** What to produce **
Only the stretch of the listing below that runs from the line with "You are a haylee" through the line with "Immagine Fuochi artificiali" is to be printed, exactly and with both ends.

** Data for processing **
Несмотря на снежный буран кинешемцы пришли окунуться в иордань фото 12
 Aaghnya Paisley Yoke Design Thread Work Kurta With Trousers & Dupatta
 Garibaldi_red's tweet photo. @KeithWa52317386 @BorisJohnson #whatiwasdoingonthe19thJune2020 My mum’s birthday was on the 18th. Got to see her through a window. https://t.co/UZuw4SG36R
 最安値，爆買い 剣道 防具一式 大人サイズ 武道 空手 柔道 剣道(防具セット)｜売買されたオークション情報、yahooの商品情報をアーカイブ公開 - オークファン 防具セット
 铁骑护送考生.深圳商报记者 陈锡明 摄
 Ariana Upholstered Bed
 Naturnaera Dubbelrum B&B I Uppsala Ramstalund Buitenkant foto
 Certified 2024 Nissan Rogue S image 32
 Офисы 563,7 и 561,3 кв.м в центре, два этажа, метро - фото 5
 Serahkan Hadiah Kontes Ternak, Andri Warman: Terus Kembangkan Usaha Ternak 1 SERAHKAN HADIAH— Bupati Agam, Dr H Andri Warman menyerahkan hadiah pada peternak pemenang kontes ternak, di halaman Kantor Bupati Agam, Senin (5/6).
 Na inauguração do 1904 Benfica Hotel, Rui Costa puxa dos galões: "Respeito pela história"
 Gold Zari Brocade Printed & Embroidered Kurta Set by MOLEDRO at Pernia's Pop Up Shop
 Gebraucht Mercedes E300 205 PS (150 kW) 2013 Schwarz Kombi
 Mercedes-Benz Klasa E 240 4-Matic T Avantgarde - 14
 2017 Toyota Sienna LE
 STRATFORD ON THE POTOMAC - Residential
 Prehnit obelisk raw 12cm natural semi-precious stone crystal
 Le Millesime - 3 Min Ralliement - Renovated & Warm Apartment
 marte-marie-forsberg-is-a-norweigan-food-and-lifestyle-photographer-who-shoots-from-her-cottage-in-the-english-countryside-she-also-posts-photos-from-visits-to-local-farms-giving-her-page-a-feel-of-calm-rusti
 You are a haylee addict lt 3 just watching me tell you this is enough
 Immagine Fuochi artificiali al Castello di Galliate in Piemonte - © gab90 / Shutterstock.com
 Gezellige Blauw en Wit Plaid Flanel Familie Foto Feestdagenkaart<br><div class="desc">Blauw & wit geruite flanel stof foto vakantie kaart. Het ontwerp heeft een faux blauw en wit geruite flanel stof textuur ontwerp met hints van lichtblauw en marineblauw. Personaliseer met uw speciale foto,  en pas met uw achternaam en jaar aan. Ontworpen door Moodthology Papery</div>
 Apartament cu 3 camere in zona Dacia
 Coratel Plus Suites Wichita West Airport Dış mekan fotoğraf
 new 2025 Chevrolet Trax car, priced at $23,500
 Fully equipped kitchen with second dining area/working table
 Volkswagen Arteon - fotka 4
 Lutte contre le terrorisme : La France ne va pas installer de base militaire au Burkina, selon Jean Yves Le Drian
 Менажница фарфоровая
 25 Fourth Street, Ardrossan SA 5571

** Task result **
 You are a haylee addict lt 3 just watching me tell you this is enough
 Immagine Fuochi artificiali al Castello di Galliate in Piemonte - © gab90 / Shutterstock.com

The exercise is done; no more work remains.